NO WRITER ATTRIBUTED

If the tutorial work in the department of History under the present system is falling short of its mark, it is not because the division is doing too little, but rather because it is attempting too much. The department has taken the dogma, perhaps from President Lowell, that concentration in a particular field has as its object a veneer of knowledge covering the entire expanse of the chosen subject. As is inevitable in such a vaulting and all-inclusive attempt, the concentrator, having only his Sophomore and Junior years in which to study for his divisionals, skims over the surface from the dawn of history to the present day, getting perhaps a panorama of the general movements of world history, but certainly missing a thorough study of any portion of the field.

Actually it is a question of what one expects from tutorial work.

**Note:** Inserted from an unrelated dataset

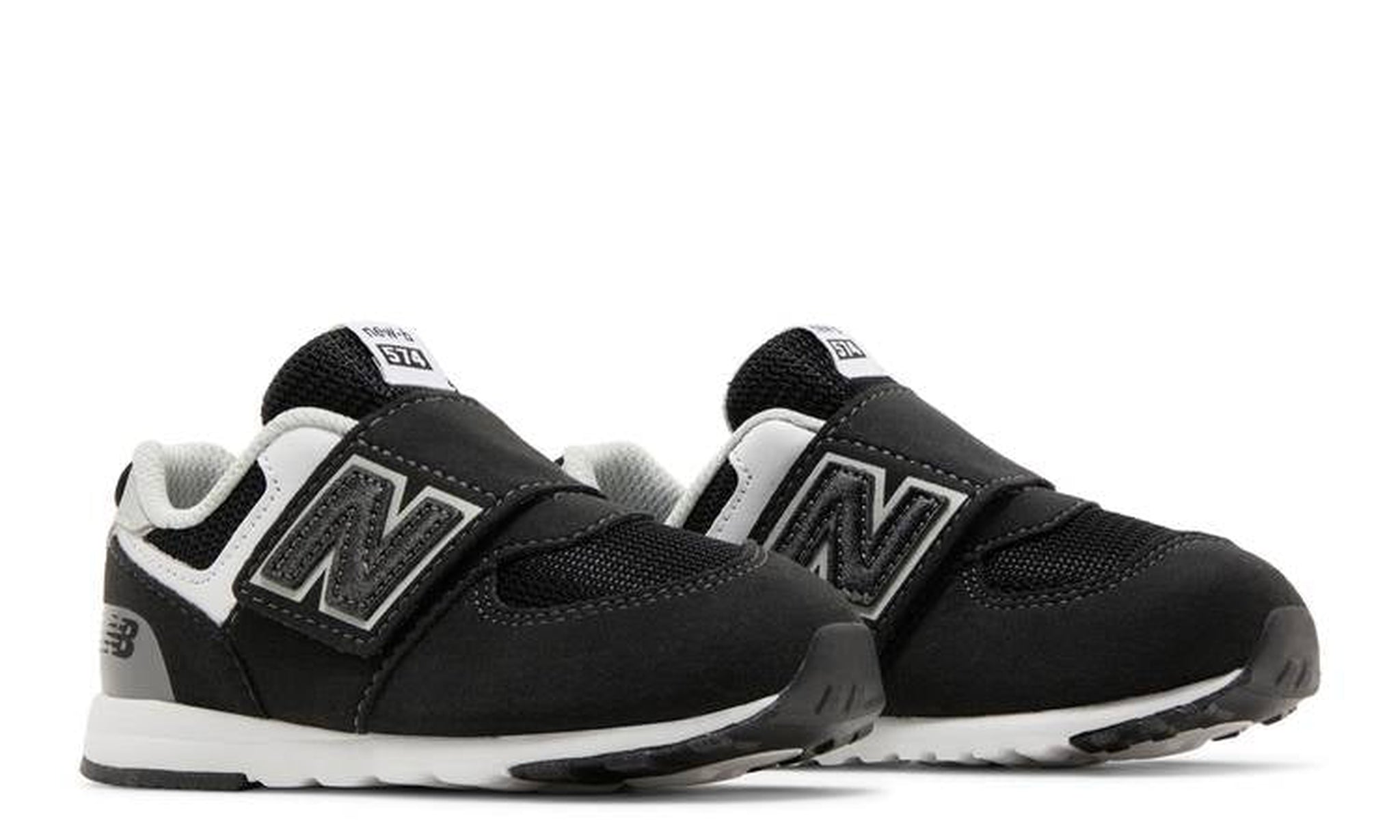 574 New-B Hook & Loop Toddler Wide 'Black White'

If the student wants no more than the A, B, C's, that Greece gave us our culture, Rome our law, Judea our religion, France our manners, and Britain our government, then the present system fills the bill. Under it the student is responsible for four out of five fields of history: ancient (Greek or Roman), medieval, early modern, and modern. Before his divisionals he will probably have taken four courses in his department, among which will be found History 1, valuable as a survey, but nevertheless distinctly a survey. The other three fall where they may, while it is the task of tutor and student working together to fill in the chinks and lacquer the surface so that finally it will present an illusion of widespread enlightenment.

Experience has shown that the surface is too thin; the lacquer chips, probably falls off soon after divisionals. Even with four courses the student cannot cover the world from Pericles to Stalin in two short years and have anything but the most casual acquaintance with the subject. Far better to let the courses continue to be surveys, and the tutorial work a more thorough investigation of territory already covered. Instead of being responsible for four fields, a student might choose two, and under tutorial guidance make a complete and invigorating study of those. In place of the H. G. Wells "Outline of History" aspect of the past and present the student would achieve genuine knowledge from his work in concentration, and scholarship would revert more nearly to its true meaning.